Trump Doesn't Care If His Proposals Become Law
Stephen Miller is back.
The White House's immigration expert burst onto the legislative scene back in January, when he was the public flag-bearer for President Donald Trump's bungled executive order seeking to restrict immigration from seven mostly-Muslim countries.
Critics lampooned Miller back then for media appearances loaded with authoritarian swagger (“The powers of the president to protect our country are very substantial and will not be questioned,” he said), combative brio (judges blocking Trump's order were engaging in “a judicial usurpation of power,” he said) and raw political ineptitude (Congress wasn't consulted about the secretly crafted order, the federal bureaucracy wasn't alerted and the public backlash wasn't anticipated).
Miller disappeared from center stage after that debacle but -- just in time to fill the bonkers-behavior-void left by Anthony Scaramucci's exit from Trumplandia -- he popped up at Wednesday's White House press conference to explain the president's support for a new immigration bill.
The presser was embroidered with lots of fun stuff Miller-watchers have come to expect. It quickly devolved, for example, into a pair of ribald face-offs with two reporters, Jim Acosta of CNN and Glenn Thrush of the New York Times. Miller also structured his performance as a civics lesson brightened by his confidence that anyone doubting the wisdom of a bill seeking to cut annual immigration rolls in half was ill-informed, anti-worker or sort of un-American.
But let’s leave aside for now the immigration proposal's merits and take up a different pair of questions: Why Miller, and why now?
The White House just survived a week of seismic West Wing upheaval that included high-profile staff departures, a new chief of staff, a failure to repeal or even fine-tune Obamacare, and Congress forcing Trump to sign a Russia sanctions bill. Republicans on Capitol Hill have begun ignoring or defying Trump, clearly signaling their preference for leaving Obamacare and daily Twitter jousting behind so they can put tax legislation on the table.
Amid all of this chaos, the White House decided yesterday to throw its weight behind an immigration bill that has very little chance of moving through Congress, involves a contentious issue many legislators would rather not address right now, and relies on a polarizing, vaudevillian figure like Miller as its advocate. That doesn't seem to make much sense.
It does make sense, however, if the White House really isn't committed to a policy battle over immigration reform – any more than it’s really committed to banning transgender people from serving in the military. The Pentagon has ignored the White House's transgender ban, which the president rolled out on Twitter last week, but has done little since to try to make his threat a reality.
Another new White House initiative appears to involve using the Justice Department to make sure that white people aren’t being discriminated against in college admissions. The New York Times reported on Wednesday that it had obtained a White House document outlining a plan to investigate and possibly launch litigation targeting colleges and universities engaged in “race-based discrimination.”
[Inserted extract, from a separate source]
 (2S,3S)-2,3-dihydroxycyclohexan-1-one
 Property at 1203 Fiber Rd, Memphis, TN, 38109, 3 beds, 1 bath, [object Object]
Sarah Huckabee Sanders, a White House spokeswoman, dismissed the Times story, saying the Justice Department is always interested in monitoring discrimination claims.
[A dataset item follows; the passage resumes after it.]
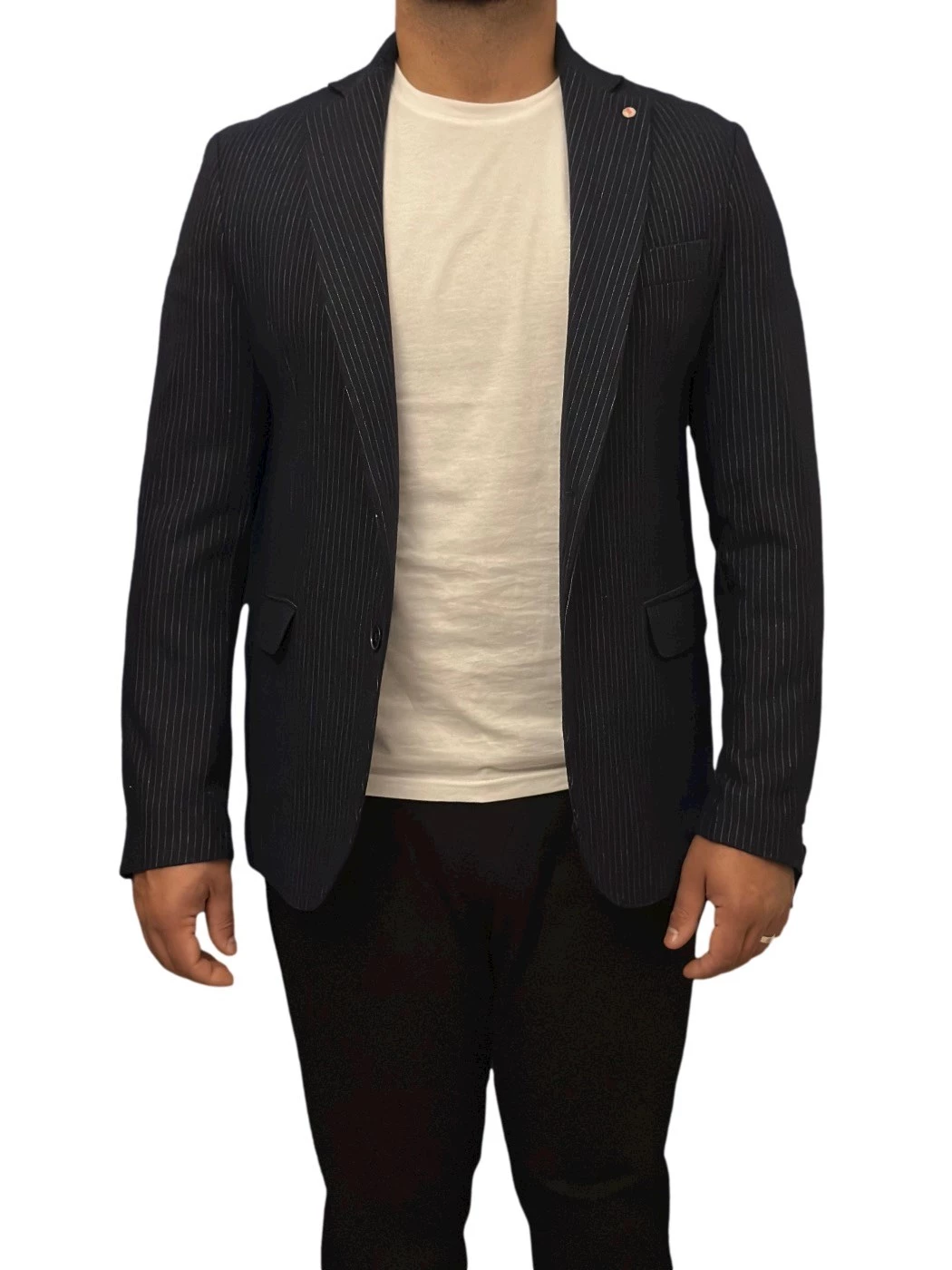 Pinstripe jacket QB/24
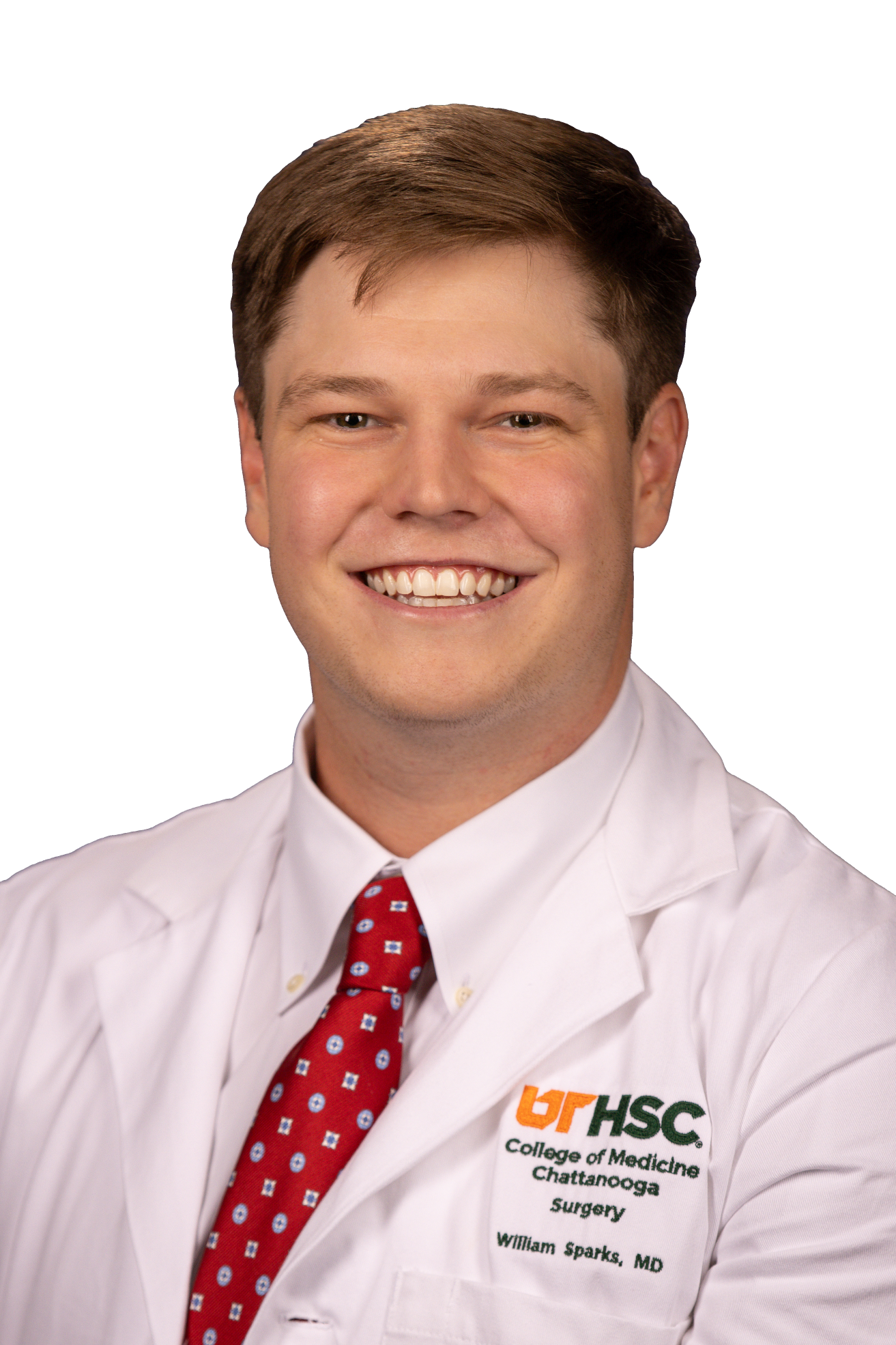 William Sparks, MD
Regardless of how vigorously the White House winds up investigating discrimination against white people, the thread linking that effort to the transgender ban and the new immigration bill is that all three involve direct appeals to a core part of Trump’s electoral base: blue-collar, white workers who believe their livelihoods are threatened by immigrants, by a society that favors people of color, and by a culture overly invested in ensuring diversity in public institutions like the military.
The president is the steward of a White House under siege right now, mired in wide-ranging investigations of possible 2016 campaign collusion with the Russian government, the business dealings of Trump's son-in-law Jared Kushner, and Trump’s own financial ties to Russia. The White House has little to show thus far in the form of legislative accomplishments, and Team Trump routinely looks more like a television sitcom rather than the command center of the federal government.
Trump, as I’ve argued in this space before, isn’t overly concerned about legislative outcomes like a new health-care bill or a new immigration bill. He cares more about “winning” and about cultivating his own image, and he defines both of those things in his own special way –- hence his willingness to pop off randomly with new proposals when he feels attacked or he’s worried about falling behind.
Trump is willing to be polarizing in the same way that Sean Spicer, Kellyanne Conway, Steve Bannon and Stephen Miller were and are polarizing: They are primarily in this thing for the battle, party and public be damned.
So don’t be surprised that Trump, Miller, and the rest of the White House are willing to push an incendiary immigration proposal into a legislative black hole at a time when their administration has so much else at stake. It’s because these folks aren’t really about crafting sound public policy. They’re all about their base.
This column does not necessarily reflect the opinion of the editorial board or Bloomberg LP and its owners.